This is not what John means by ‘the world’. John would have been well aware that ‘the earth is the Lord’s and everything in it; the world and all who live in it’ (Psalm 24:1), and the Bible says many positive things about the world as created by God and given to human beings to cultivate. ‘The world’ here, however, has a moral sense, alluding instead to the world which had forsaken the God who had made it, indulging instead in ‘the lust of the flesh, the lust of the eyes, and the pride of life’.
As we go into this week, we will likely be bombarded with these three things that John says represent ‘the world’. We will be encouraged to chase after material things, after possessions and success and accolades. Our eyes will be drawn to images and to words that defile and dishonour. And we will be tempted to boast and brag about our knowledge, belongings, and achievements. The lust of the flesh, of the eyes, and the pride of life. We live in the world, and we cannot escape it. We have a choice to make.
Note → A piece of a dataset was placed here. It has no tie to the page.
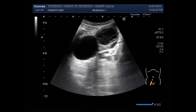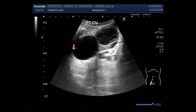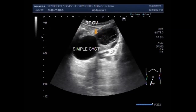During a woman's menstrual cycle, the egg grows in a sac situated in the ovary called a follicle. In most cases, the follicle breaks down and releases the egg. But if the follicle doesn't break open, the fluid inside can form a cyst in the ovary. You can see the simple ovarian cyst and the hemorrhagic ovarian cyst here.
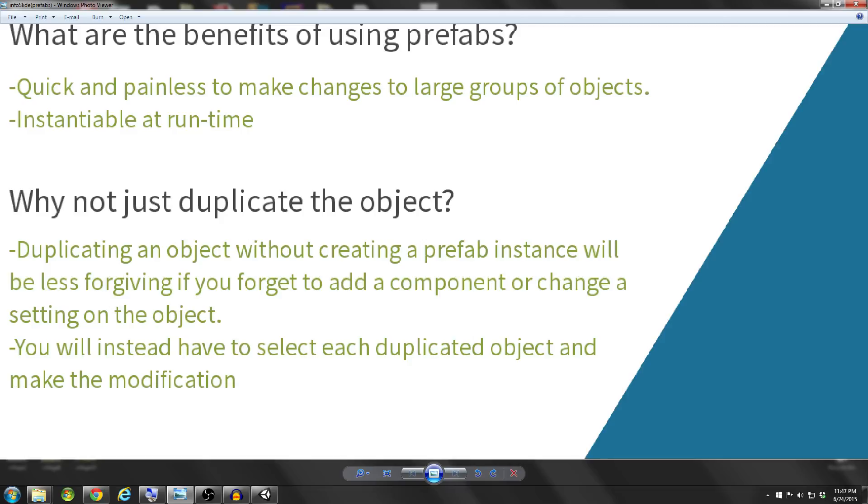It's not just for adding components. If you have a script attached to a prefab and you want to change a setting on that script, basically any change that you make to that prefab will affect all of the instances of that prefab.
And – as when John writes elsewhere about the opposition between darkness and light – there is no neutrality. We either love ‘the world’ or we love God. We cannot love both – our allegiance must be to one and one alone. John is pretty clear which one we should pick – for ‘the world and its desires pass away, but whoever does the will of God lives for ever’. To align ourselves with the world’s false gods and false values is to align ourselves with that which is ultimately doomed to destruction.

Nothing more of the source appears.